AS memiliki sekitar 40.000 tentara yang ditempatkan di Timur Tengah, banyak di antaranya ditempatkan di Irak dan Suriah. Pasukan ini dapat terancam oleh milisi Syiah yang didukung Iran di kedua negara tersebut.
Jika terlibat berang terbuka, AS bersama sekutu akan menjadi patner Israel dalam perang. Sedangkan Iran diprediksi akan mendapatkan dukungan dari Rusia, China, Korea Utara dan milisi di beberapa negara peyangga seperti Suriah. Lebanon dan Yaman.
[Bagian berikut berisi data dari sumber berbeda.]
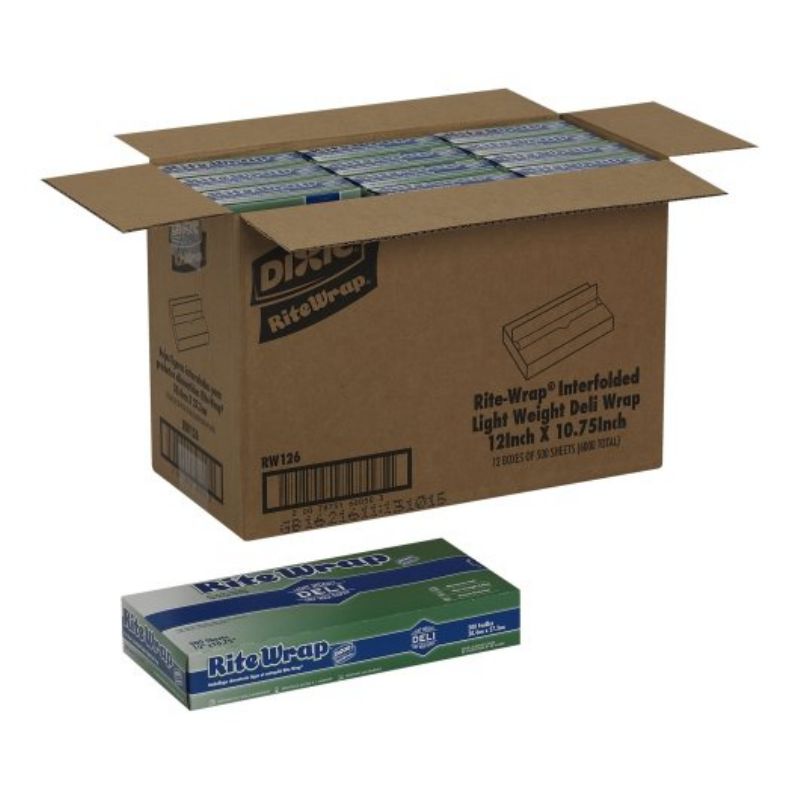 WAX PAPER INTERFOLDED 12 10-3/4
Guru Besar Hubungan Internasional Universitas Indonesia, Hikmahanto Juwana, menilai serangan rudal ke Israel merupakan serangan yang tertunda. Dia menyebut, Iran bisa saja sudah melancarkan serangan lebih awal sewaktu pemimpin Hamas, Ismail Haniyeh, dibunuh di Teheran, serta tewasnya pemimpin Hizbullah.
Namun, Iran baru melakukan serangan ke Israel pada Selasa lalu. "Ini mungkin juga ada lobi-lobi Amerika. Sekarang Iran sudah enggak sabaran karena Hizbullah diserang, Gaza diserang jadi dia melakukan serangan," ujar Hikmahanto saat dihubungi Okezone.
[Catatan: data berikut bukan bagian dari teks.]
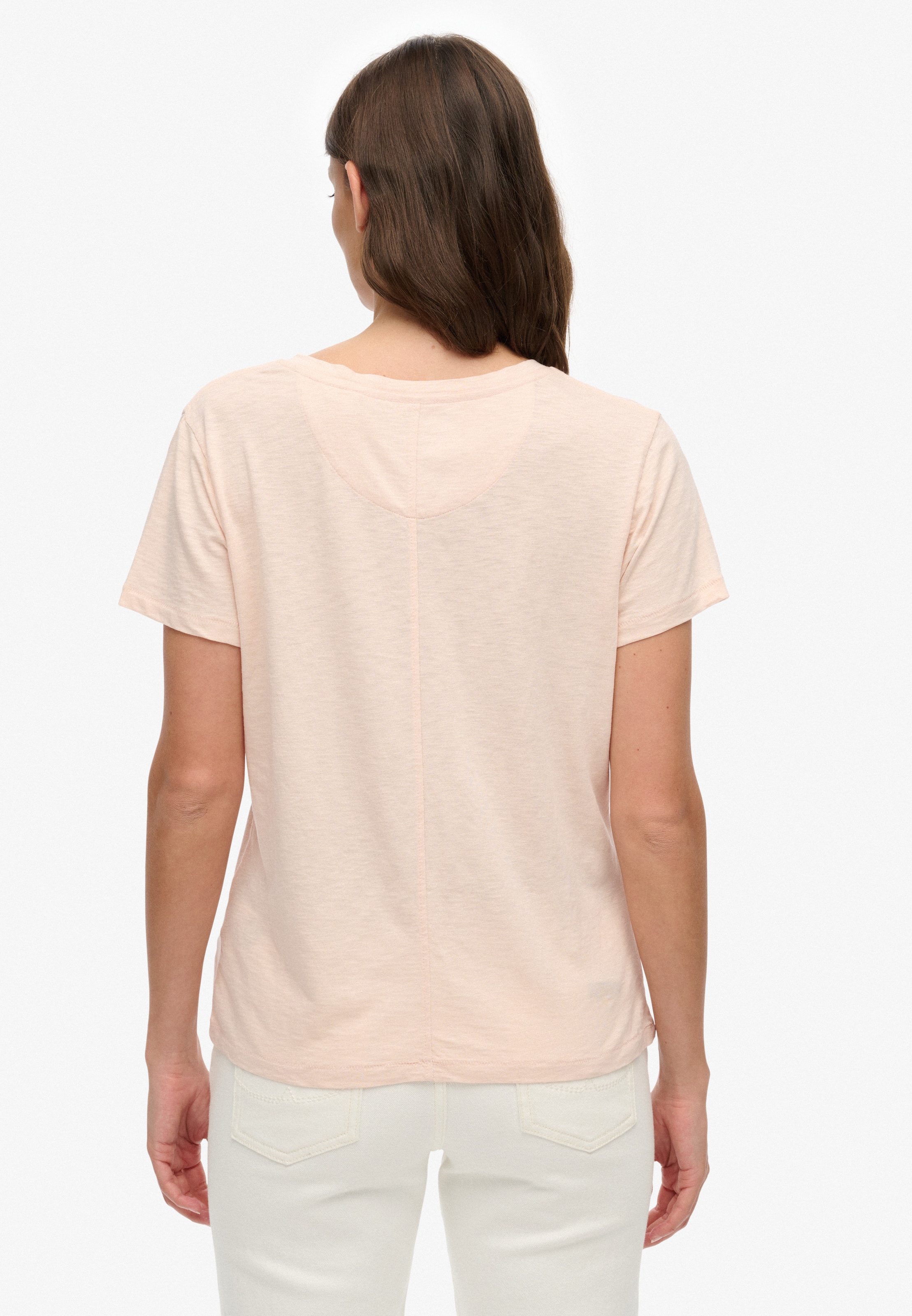Superdry T-Shirt »STUDIOS SLUB EMB VEE TEE« Baumwollmischung, relaxed fit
Dia menjelaskan, saat ini tinggal menunggu reaksi Israel terhadap serangan tersebut. Namun, Hikmahanto menilai bakal melakukan lobi-lobi agar Israel tidak melakukan serangan balasan. Jika Israel melancarkan serangan ke Iran, eskalasi bisa kian meningkat hingga bukan tak mungkin Perang Dunia Ke-3 bakal terjadi.
"Sekarang tergantung sama Israel apakah menyerang balik atau tidak. Tapi, saya yakin Amerika sekarang sedang mencoba melobi Israel agar tidak membalas. Karena Amerika tahu kalau misalnya serangan itu dilakukan maka ini bisa bereskalasi ke Perang Dunia Ketiga," tuturnya.
Ini bukan tanpa alasan. Hikmahanto menilai, beberapa waktu lalu Perdana Menteri Rusia Mikhail Mishustin sudah datang ke Iran. "Artinya menjanjikan pokoknya dia ada di belakang Iran," ucapnya.
Meski begitu, Hikmahanto menilai, saat ini Joe Biden tengah melobi Israel agar tidak membalas serangan Iran. Ini merujuk pada pernyataan Joe Biden.
Joe Biden tidak percaya perang habis-habisan akan pecah di Timur Tengah. Dia bahkan meyakini Amerika dan Israel dapat menghindari hal itu. "Saya tidak yakin akan terjadi perang habis-habisan. Saya rasa kita bisa menghindarinya," katanya.
Berangkat dari pernyataan ini, Hikmahanto menilai, AS kini tengah melobi Israel agar tidak menyerang Iran. Bahkan, untuk menghentikan agresi ke Gaza dan Hizbullah.
"Kalau menurut saya ini indikasi pernyataan dari Joe Biden ini mengindikasikan bahwa Amerika sedang melobi Israel untuk tidak melakukan serangan balasan dan untuk Israel menghentikan serangan ke Gaza dan Hizbullah," tuturnya.